> _Listed entries_
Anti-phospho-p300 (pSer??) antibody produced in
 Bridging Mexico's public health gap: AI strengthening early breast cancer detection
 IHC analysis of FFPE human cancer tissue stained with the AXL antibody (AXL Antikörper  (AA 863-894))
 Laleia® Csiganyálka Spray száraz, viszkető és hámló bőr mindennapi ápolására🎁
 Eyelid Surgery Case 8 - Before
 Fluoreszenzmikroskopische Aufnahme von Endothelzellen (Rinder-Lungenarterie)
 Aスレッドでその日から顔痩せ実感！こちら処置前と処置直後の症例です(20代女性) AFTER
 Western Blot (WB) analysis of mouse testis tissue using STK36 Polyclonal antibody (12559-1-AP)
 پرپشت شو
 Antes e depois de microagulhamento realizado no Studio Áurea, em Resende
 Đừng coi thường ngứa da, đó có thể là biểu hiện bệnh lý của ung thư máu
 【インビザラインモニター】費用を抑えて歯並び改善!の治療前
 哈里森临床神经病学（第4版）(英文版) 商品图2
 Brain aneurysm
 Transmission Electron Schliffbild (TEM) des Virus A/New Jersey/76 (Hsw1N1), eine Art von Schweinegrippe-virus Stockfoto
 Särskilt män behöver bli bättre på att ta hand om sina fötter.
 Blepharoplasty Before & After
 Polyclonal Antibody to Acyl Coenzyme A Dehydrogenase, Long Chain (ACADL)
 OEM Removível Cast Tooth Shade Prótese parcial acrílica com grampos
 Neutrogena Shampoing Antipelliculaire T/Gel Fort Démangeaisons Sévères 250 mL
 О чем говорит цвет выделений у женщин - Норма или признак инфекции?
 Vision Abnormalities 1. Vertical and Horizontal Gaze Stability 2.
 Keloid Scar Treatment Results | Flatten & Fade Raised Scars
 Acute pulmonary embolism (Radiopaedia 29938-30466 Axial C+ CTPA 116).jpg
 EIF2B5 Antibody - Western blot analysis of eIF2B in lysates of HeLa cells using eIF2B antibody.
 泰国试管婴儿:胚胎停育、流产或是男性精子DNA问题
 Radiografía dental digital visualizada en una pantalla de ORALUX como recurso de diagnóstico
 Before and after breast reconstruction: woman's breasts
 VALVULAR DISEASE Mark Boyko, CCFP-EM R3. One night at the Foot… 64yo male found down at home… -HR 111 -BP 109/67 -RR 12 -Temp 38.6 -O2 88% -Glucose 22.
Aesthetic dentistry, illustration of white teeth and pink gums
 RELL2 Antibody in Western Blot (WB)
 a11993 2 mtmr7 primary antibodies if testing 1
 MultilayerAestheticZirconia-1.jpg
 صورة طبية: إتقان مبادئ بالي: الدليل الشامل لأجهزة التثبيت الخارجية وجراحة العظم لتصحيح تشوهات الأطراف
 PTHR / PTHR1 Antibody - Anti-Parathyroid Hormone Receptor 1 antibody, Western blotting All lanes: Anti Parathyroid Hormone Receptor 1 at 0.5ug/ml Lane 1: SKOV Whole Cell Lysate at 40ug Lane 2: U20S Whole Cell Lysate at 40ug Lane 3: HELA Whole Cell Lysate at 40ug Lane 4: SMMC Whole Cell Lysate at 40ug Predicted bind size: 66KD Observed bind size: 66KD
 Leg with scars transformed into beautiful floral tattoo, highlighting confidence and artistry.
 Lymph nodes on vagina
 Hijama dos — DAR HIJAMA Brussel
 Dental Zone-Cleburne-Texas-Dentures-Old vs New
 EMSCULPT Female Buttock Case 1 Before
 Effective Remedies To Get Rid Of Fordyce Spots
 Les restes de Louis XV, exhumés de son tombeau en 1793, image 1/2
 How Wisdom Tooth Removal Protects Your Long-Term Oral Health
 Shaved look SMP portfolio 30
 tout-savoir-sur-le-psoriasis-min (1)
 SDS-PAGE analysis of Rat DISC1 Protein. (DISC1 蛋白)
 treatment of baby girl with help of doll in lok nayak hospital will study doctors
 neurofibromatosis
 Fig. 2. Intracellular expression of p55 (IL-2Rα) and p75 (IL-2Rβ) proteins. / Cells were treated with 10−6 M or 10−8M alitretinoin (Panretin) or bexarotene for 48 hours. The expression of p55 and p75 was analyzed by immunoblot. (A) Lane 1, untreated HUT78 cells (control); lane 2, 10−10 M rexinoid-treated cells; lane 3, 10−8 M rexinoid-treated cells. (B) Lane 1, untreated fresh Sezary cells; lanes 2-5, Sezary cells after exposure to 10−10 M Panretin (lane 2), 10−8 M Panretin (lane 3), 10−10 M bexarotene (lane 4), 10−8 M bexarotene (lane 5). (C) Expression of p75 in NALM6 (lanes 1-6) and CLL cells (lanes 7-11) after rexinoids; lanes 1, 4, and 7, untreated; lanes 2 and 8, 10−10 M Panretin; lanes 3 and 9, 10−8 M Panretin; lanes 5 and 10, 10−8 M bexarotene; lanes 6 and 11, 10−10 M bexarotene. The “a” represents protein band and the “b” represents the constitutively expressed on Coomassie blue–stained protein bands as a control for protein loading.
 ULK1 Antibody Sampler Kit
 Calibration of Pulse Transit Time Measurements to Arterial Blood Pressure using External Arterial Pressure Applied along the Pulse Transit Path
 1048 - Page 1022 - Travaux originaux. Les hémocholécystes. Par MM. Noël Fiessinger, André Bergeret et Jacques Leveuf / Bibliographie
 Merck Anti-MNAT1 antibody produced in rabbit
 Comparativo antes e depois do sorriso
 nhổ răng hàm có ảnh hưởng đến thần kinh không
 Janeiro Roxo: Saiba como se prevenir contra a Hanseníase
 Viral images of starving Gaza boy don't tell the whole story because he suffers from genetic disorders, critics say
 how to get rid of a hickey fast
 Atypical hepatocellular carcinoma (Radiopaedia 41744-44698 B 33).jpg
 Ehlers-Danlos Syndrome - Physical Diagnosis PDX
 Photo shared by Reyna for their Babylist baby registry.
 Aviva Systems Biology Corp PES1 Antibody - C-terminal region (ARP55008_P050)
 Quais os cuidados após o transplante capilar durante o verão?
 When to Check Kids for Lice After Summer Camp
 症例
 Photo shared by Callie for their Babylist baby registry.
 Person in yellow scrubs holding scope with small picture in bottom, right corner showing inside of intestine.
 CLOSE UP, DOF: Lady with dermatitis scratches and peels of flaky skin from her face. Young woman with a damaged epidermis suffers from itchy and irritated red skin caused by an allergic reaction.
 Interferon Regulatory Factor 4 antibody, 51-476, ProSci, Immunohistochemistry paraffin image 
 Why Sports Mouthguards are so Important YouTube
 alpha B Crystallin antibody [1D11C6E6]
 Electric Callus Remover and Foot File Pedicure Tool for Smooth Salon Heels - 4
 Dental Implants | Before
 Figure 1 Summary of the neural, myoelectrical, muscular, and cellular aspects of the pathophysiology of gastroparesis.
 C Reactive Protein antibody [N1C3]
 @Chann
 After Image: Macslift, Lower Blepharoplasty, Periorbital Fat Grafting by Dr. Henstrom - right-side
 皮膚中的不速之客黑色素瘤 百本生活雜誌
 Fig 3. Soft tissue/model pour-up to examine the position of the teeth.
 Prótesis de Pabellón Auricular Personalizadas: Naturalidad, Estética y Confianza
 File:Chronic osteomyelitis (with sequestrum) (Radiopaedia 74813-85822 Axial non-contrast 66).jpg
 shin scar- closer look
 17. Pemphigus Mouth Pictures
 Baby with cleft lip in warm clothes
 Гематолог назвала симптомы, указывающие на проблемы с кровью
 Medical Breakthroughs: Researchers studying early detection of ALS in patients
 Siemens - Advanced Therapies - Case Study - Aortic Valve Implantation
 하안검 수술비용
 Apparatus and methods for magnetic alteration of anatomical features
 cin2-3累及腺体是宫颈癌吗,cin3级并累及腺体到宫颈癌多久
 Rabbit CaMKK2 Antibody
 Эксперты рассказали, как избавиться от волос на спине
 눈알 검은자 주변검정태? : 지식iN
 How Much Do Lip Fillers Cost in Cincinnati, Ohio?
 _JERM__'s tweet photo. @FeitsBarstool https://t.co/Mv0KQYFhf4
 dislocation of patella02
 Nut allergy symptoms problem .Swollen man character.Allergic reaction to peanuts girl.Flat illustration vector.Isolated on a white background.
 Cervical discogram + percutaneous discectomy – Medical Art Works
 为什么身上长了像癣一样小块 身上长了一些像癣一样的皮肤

> _Problem description_
Each line from the first line of the listing through the line with "泰国试管婴儿:胚胎停育、流产或是男性精子DNA问题" must be output exactly, both ends included, and no other line may appear.

> _Expected answer_
Anti-phospho-p300 (pSer??) antibody produced in
 Bridging Mexico's public health gap: AI strengthening early breast cancer detection
 IHC analysis of FFPE human cancer tissue stained with the AXL antibody (AXL Antikörper  (AA 863-894))
 Laleia® Csiganyálka Spray száraz, viszkető és hámló bőr mindennapi ápolására🎁
 Eyelid Surgery Case 8 - Before
 Fluoreszenzmikroskopische Aufnahme von Endothelzellen (Rinder-Lungenarterie)
 Aスレッドでその日から顔痩せ実感！こちら処置前と処置直後の症例です(20代女性) AFTER
 Western Blot (WB) analysis of mouse testis tissue using STK36 Polyclonal antibody (12559-1-AP)
 پرپشت شو
 Antes e depois de microagulhamento realizado no Studio Áurea, em Resende
 Đừng coi thường ngứa da, đó có thể là biểu hiện bệnh lý của ung thư máu
 【インビザラインモニター】費用を抑えて歯並び改善!の治療前
 哈里森临床神经病学（第4版）(英文版) 商品图2
 Brain aneurysm
 Transmission Electron Schliffbild (TEM) des Virus A/New Jersey/76 (Hsw1N1), eine Art von Schweinegrippe-virus Stockfoto
 Särskilt män behöver bli bättre på att ta hand om sina fötter.
 Blepharoplasty Before & After
 Polyclonal Antibody to Acyl Coenzyme A Dehydrogenase, Long Chain (ACADL)
 OEM Removível Cast Tooth Shade Prótese parcial acrílica com grampos
 Neutrogena Shampoing Antipelliculaire T/Gel Fort Démangeaisons Sévères 250 mL
 О чем говорит цвет выделений у женщин - Норма или признак инфекции?
 Vision Abnormalities 1. Vertical and Horizontal Gaze Stability 2.
 Keloid Scar Treatment Results | Flatten & Fade Raised Scars
 Acute pulmonary embolism (Radiopaedia 29938-30466 Axial C+ CTPA 116).jpg
 EIF2B5 Antibody - Western blot analysis of eIF2B in lysates of HeLa cells using eIF2B antibody.
 泰国试管婴儿:胚胎停育、流产或是男性精子DNA问题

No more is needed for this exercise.